Kommen wir nun wieder zurück zur Sexualität. Paulus wird ganz deutlich: „Die Speise dem Bauch und der Bauch der Speise; aber Gott wird das eine wie das andere zunichte machen. Der Leib aber nicht der Hurerei, sondern dem Herrn, und der Herr dem Leibe. Gott aber hat den Herrn auferweckt und wird auch uns auferwecken durch seine Kraft.“ Was meint Paulus damit? Er macht den Korinthern deutlich: Ob jemand ständig wechselnde Partner hat oder ob er dem einen Ehepartner die Treue hält, das ist etwas ganz anderes, als wenn jemand sich ab­wechslungs­reich be­ziehungs­weise eintönig ernährt. Paulus unter­scheidet hier den „Bauch“ als Sinnbild des ver­gänglichen materiellen Körpers vom „Leib“, der zur Auf­erstehung und zum ewigen Leben bestimmt ist. Jesus selbst ist ja nicht nur geistig auf­erstanden, sondern leiblich - mit einem neuen, über­irdischen und un­vergäng­lichen Leib. Und er hat uns ver­sprochen, dass alle, die zu ihm gehören, ebenfalls in dieser Weise leiblich auferstehen werden. Darum bekennen wir im Glaubens­bekenntnis bewusst die „Auf­erstehung des Fleisches“, nicht nur allgemein die „Auf­erstehung der Toten“. Die Christen­heit wusste schon immer, was die Wissen­schaft heute auch weiß: Leib und Seele stehen in einem ganz engem Zusammen­hang. Darum ist es eine falsche Philosophie zu meinen, mit meinem Leib könne ich machen, was ich will, es betreffe die Seele nicht. Doch, es betrifft die Seele sehr wohl! Dieser Zusammen­hang wird kaum klarer deutlich als bei der Sexualität: Die Liebe zwischen Mann und Frau ist etwas, das den Menschen zutiefst berührt - sowohl an seiner Seele als auch an seinem Leib. Und darüber hinaus ist die Liebe zwischen Mann und Frau ein Gleichnis und Abbild von Gottes Liebe zu uns Menschen. Wer wollte da behaupten, Sexualität, Ehe und Familie hätten nichts mit Gottes Wort und mit unserem Glauben zu tun?

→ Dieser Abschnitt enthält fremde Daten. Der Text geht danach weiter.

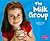 The Milk Group (Pebble Plus)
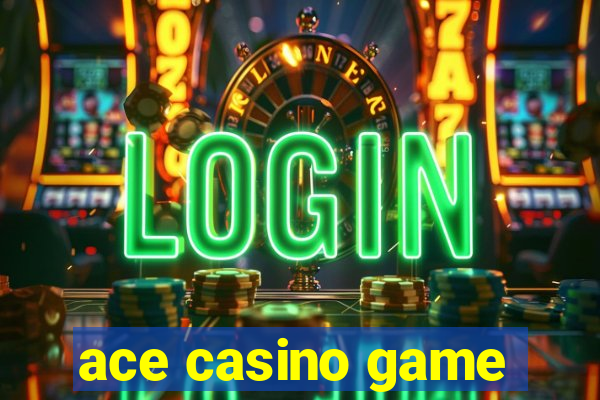 ace casino game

Paulus führt diesen Zusammen­hang theologisch tiefgehend aus. Er macht deutlich: Wir gehören ganz dem Herrn Jesus Christus - mit Leib und Seele, mit Haut und Haaren. Unsere Seele wohnt in unserem Leib, in unserer Seele aber wohnt der Heilige Geist; darum ist auch unser Leib ein Haus für den Heiligen Geist, ein heiliges Gebäude. Paulus schreibt: „Wisst ihr nicht, dass euer Leib ein Tempel des Heiligen Geistes ist, der in euch ist und den ihr von Gott habt?“ Wer an Christus glaubt und Gott ehren will, der wird sich darum genau überlegen, was er mit seinem Leib macht - nicht nur in sexueller Hinsicht, sondern in jeder Hinsicht. Wer an Christus glaubt und Gott ehren will, der muss bedenken, dass Christus nicht nur die Seele erlöst hat durch sein heiliges Blut, sondern den ganzen Menschen einschließlich des Leibes. Darum bekennen wir auch singend: „Dein Wort bewegt des Herzens Grund, / dein Wort macht Leib und Seel gesund…“ Und so sollten wir uns auch immer wieder neu zu Herzen nehmen, was Paulus ab­schließend und für alle Christen schreibt - sei es, dass sie in Ehe und Familie leben, oder sei es, dass sie allein leben: „Ihr seid teuer erkauft; darum preist Gott mit eurem Leibe.“ Amen.

Diese Predigt wurde erstmals gehalten im Jahre 2013.